千 玄室大宗匠 ベトナムを訪問
〜一碗で日越友好を展開〜




  千 玄室大宗匠が9月12日(金)から18日(木)まで日越国交樹立30周年を迎えたベトナムを訪問。

  大宗匠は9月14日、中部の古い町ホイアンで開催の国際シンポジウム「文化遺産の保存と国際協力」にて記念講演。講演で大宗匠は日本における茶文化の歴史をベトナムとの交流に触れながら紹介されました。ホイアンは中世中継ぎ貿易の拠点として、また日本との朱印船貿易の基地として、当時1000人を越える日本人町が作られたことで知られ、現在は町全体が世界遺産に指定されています。

  続いて、落ち着いた佇まいを見せる首都ハノイで大宗匠は、16日(火)に国家主席府にてチャン・ドゥク・ルオン国家主席夫妻に会見されました。正式な形でお茶をと所望されたチャン国家主席は点前の所作の意味、茶道の精神等に深く関心を持たれた様子で、大宗匠の説明にじっくりと耳を傾けられました。和やかな中に、一碗のお茶を通じての日越友好を果たされました。

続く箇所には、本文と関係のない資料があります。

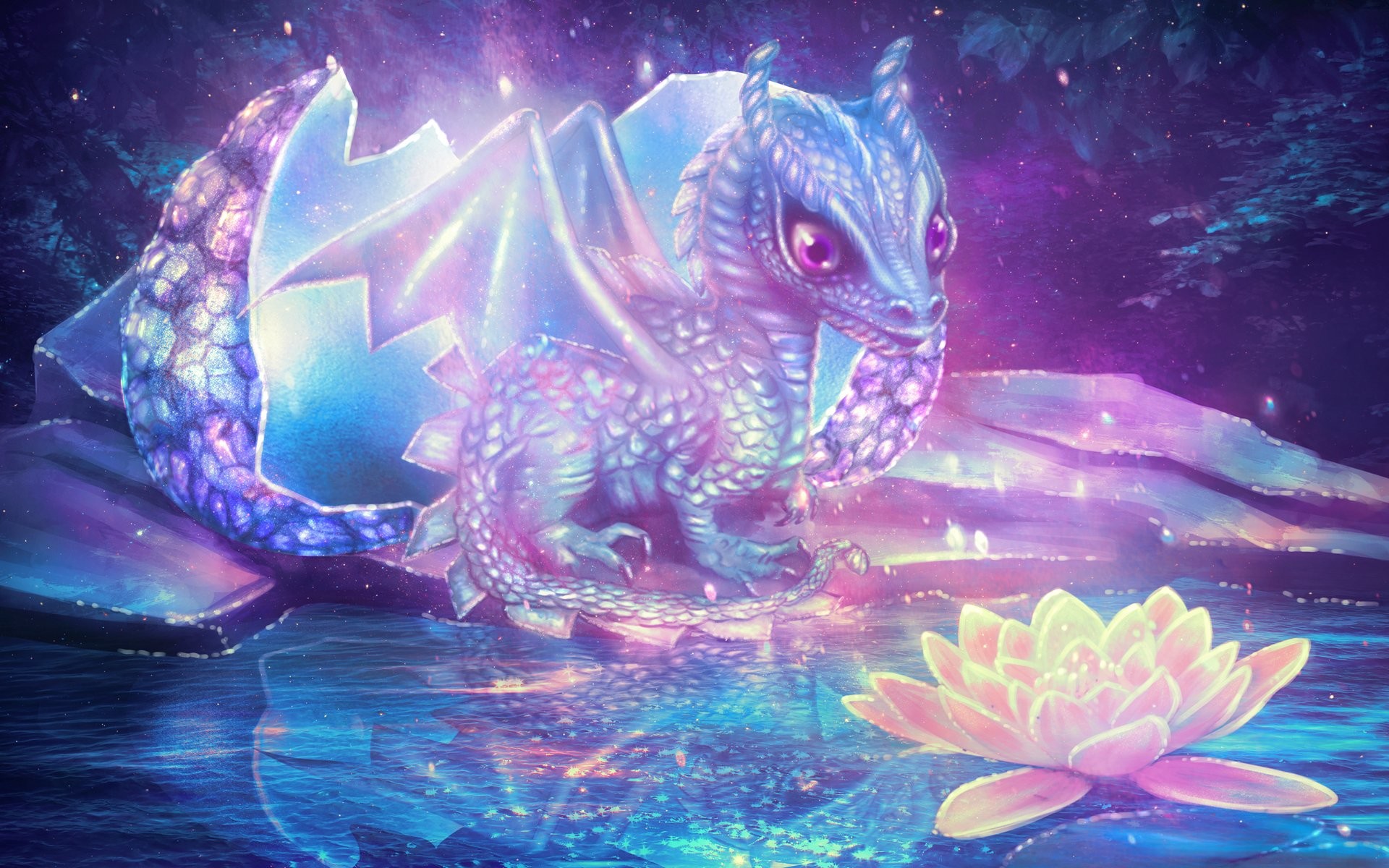 cute dragon wallpaper,purple,dragon,cg artwork,violet,sky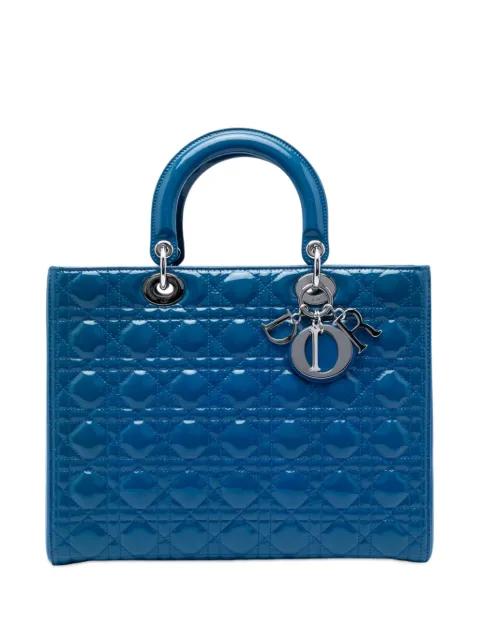 2014 Large Patent Cannage Lady Dior satchel by CHRISTIAN DIOR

大宗匠は国際シンポジウム「文化遺産の保存と国際協力」にて記念講演


チャン・ドゥク・ルオン国家主席夫妻に一碗を献じられる大宗匠





  翌17日(水)、儀杖兵の先導を得て大宗匠は、ホーチミン廟、戦没者記念碑に参拝・献花。建国の父ホーチミン主席とベトナム戦争で亡くなった多くの人々への祈りを捧げられ、世界の平和への思いを新たにされました。

  その後、服部則夫駐ベトナム特命全権大使からの要請により大宗匠は、ハノイの日本大使公邸において茶道紹介。チュオン・クワン・ドゥック国会副議長夫妻、ファム・クワン・ギ文化情報大臣夫妻はじめ、アメリカ、オーストラリア、カナダ、メキシコの駐ベトナム各国大使夫妻の出席があり、千 玄室大宗匠は公邸内三畳中板の茶席にて点前、その後、会場を変えて、来場者に呈茶されました。
  ベトナムでの本格的な茶道紹介は例が無いことから主要4紙による大宗匠への共同インタビューが行われ、予定時間を大きく超え熱心な質問が相次ぎました。
  大宗匠のベトナム訪問は、記念すべき年に日本文化の粋を伝える意義深いひと時となりました。